DATA SUPPLIED =

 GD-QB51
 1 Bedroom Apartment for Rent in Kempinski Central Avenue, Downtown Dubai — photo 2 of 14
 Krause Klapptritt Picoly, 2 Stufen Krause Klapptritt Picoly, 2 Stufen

==

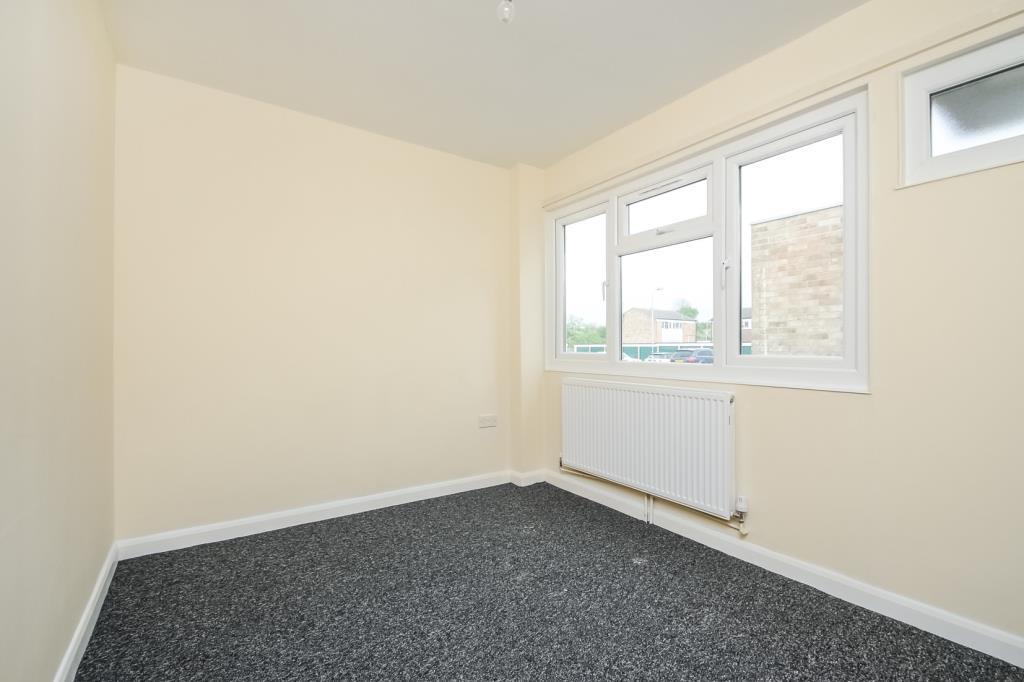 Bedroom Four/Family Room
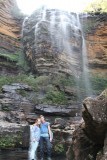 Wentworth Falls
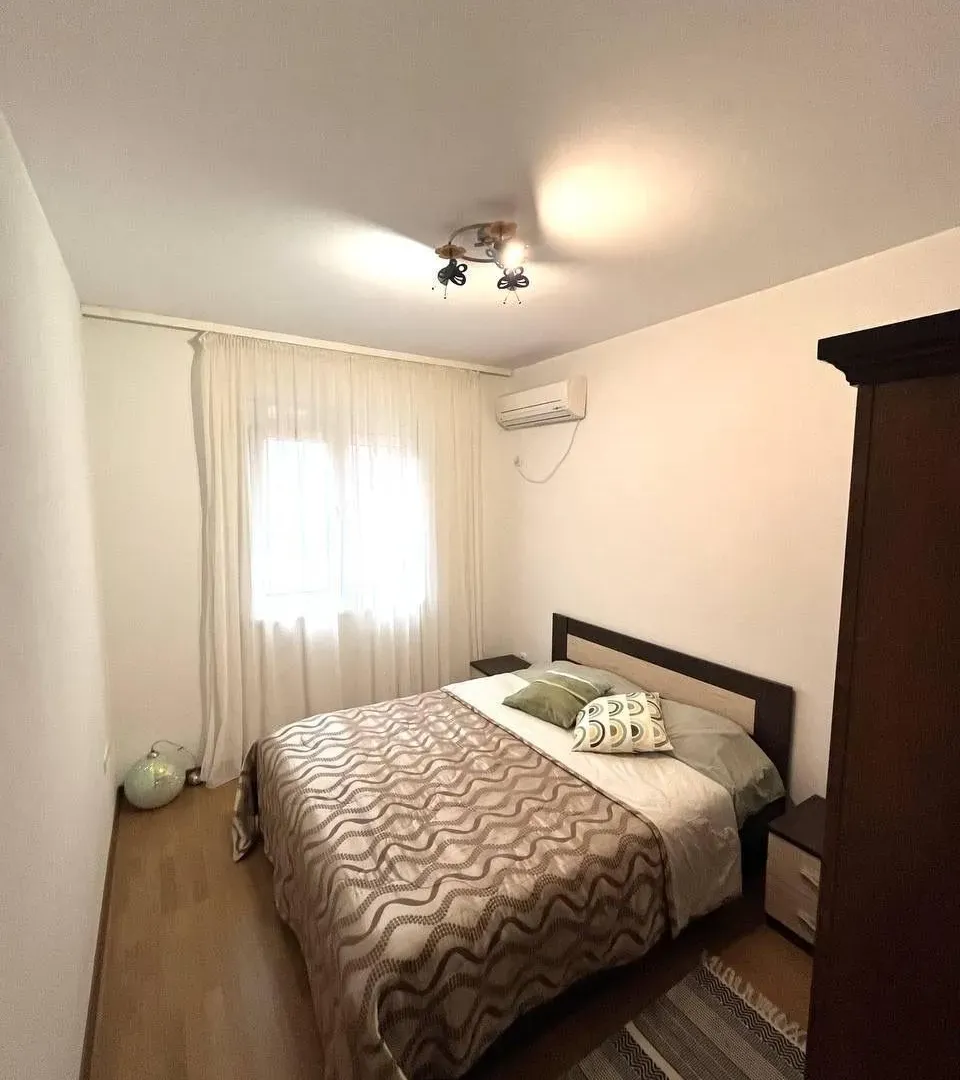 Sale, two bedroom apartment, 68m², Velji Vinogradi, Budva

==

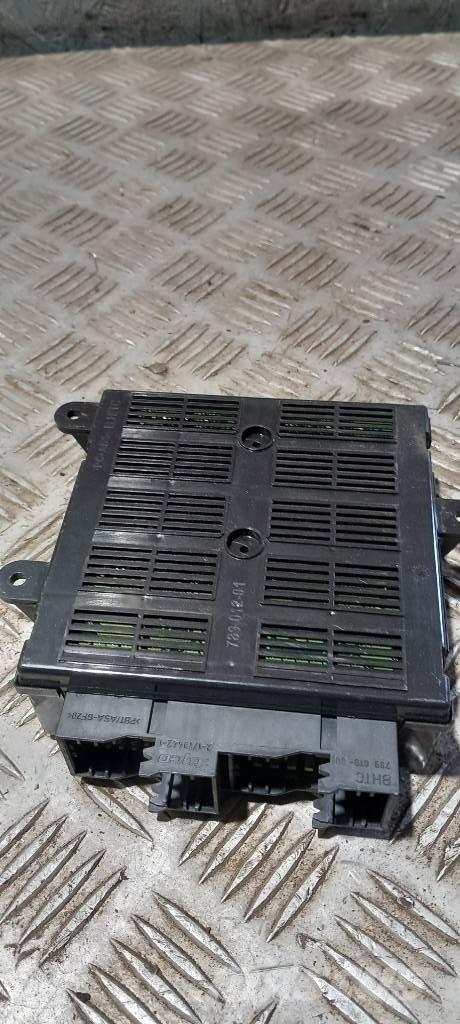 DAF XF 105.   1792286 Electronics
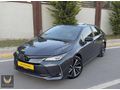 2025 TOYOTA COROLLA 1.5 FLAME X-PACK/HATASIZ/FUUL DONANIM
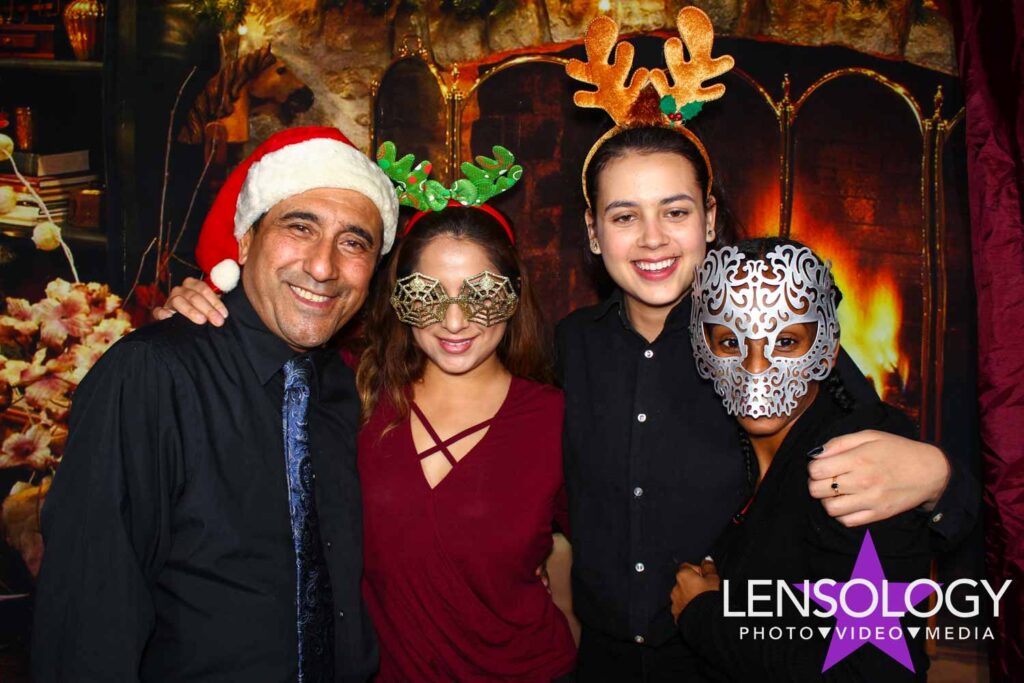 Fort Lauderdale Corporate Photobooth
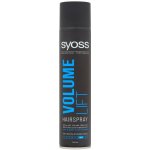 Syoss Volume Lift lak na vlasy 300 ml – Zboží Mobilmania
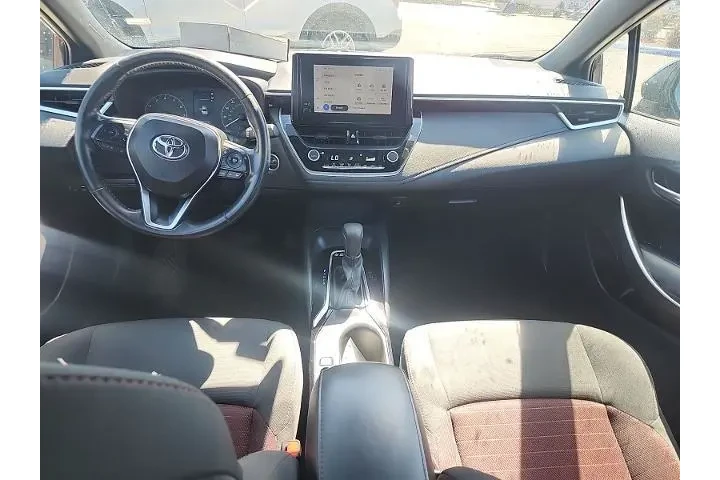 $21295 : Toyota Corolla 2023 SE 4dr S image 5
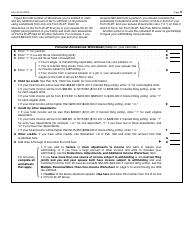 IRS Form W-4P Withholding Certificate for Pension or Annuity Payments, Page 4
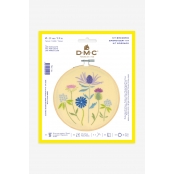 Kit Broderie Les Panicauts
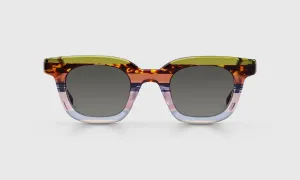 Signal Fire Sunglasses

THE PROBLEM =
Output only the lines above from the line that holds "Bedroom Four/Family Room" through the line that holds "Sale, two bedroom", both ends included, and exclude pictures.

OUTPUT OF THE EXERCISE =
 Bedroom Four/Family Room
 Wentworth Falls
 Sale, two bedroom apartment, 68m², Velji Vinogradi, Budva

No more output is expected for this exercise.